Query Processing: Peer to Peer Networks

Peer-to-peer (P2P) networks are an important emerging technology in distributed computing. While the commercial viability of P2P networks is still in doubt, there is no question that P2P networks are phenomenally successful as a mechanism for file sharing. Despite their popularity, the current technologies and applications of today's P2P
networks are quite primitive. There are two major weaknesses displayed by today's popular P2P networks: inefficient network protocols, and impoverished query languages.
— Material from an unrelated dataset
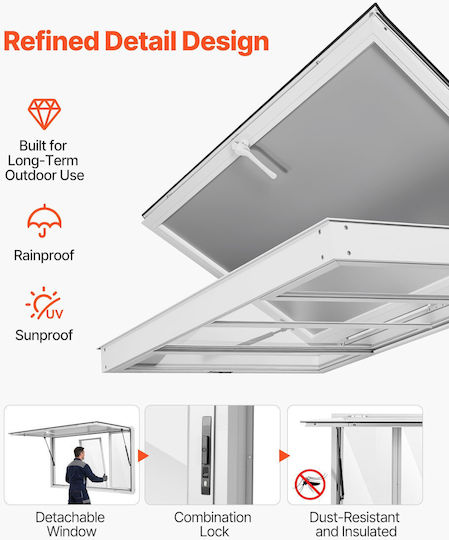 Vevor Concession Window 1524x915mm Service Window Aluminum Alloy Food Truck Serving Base Up To 85 Degrees 4 Sliding Acrylic Windows Awning Door Tow Hook Water Resistant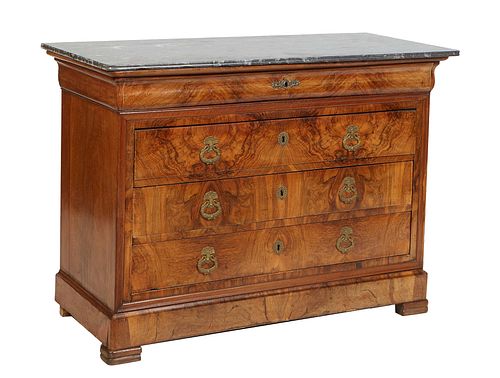 French Louis Philippe Carved Walnut Marble Top Commode, 19th c., the rounded corner reeded edge highly figured gray marble over a cavetto frieze drawe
The first of these problems has been the subject of intense research in the last few years. To overcome the scaling problems with unstructured P2P systems, a number of groups have proposed structured P2P designs. These proposals support a Distributed Hash Table (DHT) functionality in which lookups can be resolved in log n (or n x for small x) overlay routing hops for an overlay network of size n hosts. These schemes are also robust to the unpredictable nature of the P2P environment, tolerating dynamic failures and additions of nodes to the network.
DHTs promise robustness and scalability for P2P networks. However, as hash tables, DHTs support only exact match lookups. This is fine for fetching files or resolving domain names, but presents an even more impoverished query language than the original, unscalable P2P systems, which supported substring search. Hence in solving the first weakness above, DHTs have aggravated the second.
We propose to enhance the limited query functionality in P2P networks by studying the design and implementation of complex query facilities over DHTs. Our goals are twofold. First, we wish to bring the traditional functionality of P2P systems - file sharing - to a scalable, robust DHT implementation. Second, we hope to push query functionality well beyond current file sharing search, while still maintaining the scalability of the DHT infrastructures.We believe that this agenda can be spread via file sharing applications, but we also foresee more powerful and perhaps more commercially viable applications of rich P2P query processing.